ON THE OTHER HAND if the Federal Reserve doesn't cut, and they appear reluctant to cut, there could be a sell off in both the stock and bond markets forcing rates higher. This will affect both conforming rates and most likely jumbos. There is precedent for this to happen as well. Chairman Bernanke has stated often that he wishes to take action to help the economy, not an industry. He feels that helping an industry undermines the independence of the Fed. (Writers note: He also is worried that if he lowers rates and it helps the mortgage backs recover that it could hurt the hedge funds who are believed to be shorting the mortgage backs at this time. They are betting the mortgage backs won't recover and the hedge funds will make money as the rates go up and the price of the instruments go down. This rumor has been heard on Wall Street and I am inclined to believe it.)

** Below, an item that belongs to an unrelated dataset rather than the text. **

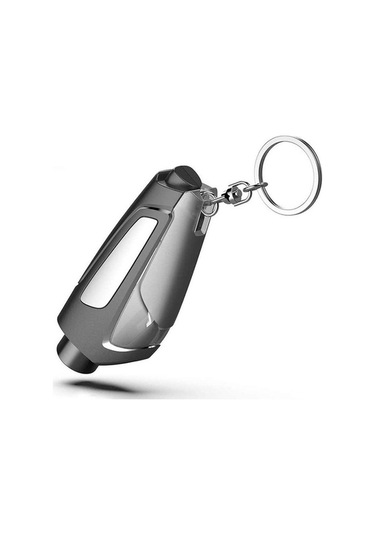 Novahub Araba Acil Kaçış Anahtarı, Pencere Cam Kırıcı, Güvenlik Kurtarma Aracı, 3-in-1 Kurtarma Seti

With those two scenarios what is a borrower to do? Good question!. First of all there are really pretty good rates in the conforming arena as I am writing this. The 15 year fixed, 20 year fixed and 30 year fixed are in the high 5% range, and low 6% range for the latter two loans without points. Jumbo fixed rates are in the 7% range but jumbo arms, fixed for 5, 7 or 10 years are in the middle to high 6% range up to two or three million dollars without points for some and less than one point for others. (Note: it depends on the loan to value, credit score, which state the property is located, type of loan, etc.)

Here is the bottom line. You can bet one way about the cutting of the Federal Reserve's Federal Funds rate and be right and still lose. In as much as the real problem in the mortgage arena is liquidity and the ability to sell the mortgage back securities on Wall Street, the cut will do little to relieve that but give a signal of help from the Fed. Will it be enough to make rates go back to the normalcy we have come to expect in the mortgage market. It's anyone's guess.

I would prefer to see Fannie Mae and Freddie Mac raise their loan limits to take the pressure off the credit markets. Fannie and Freddie have the liquidity as Government Sponsored Enterprises and long decent reputations to make it work. The idea that Hawaii and Alaska ($625,000 conforming limit for single family residences) are the only high cost areas in the United States is ludicrous. Both coasts should be considered high costs areas for no other reason than they are.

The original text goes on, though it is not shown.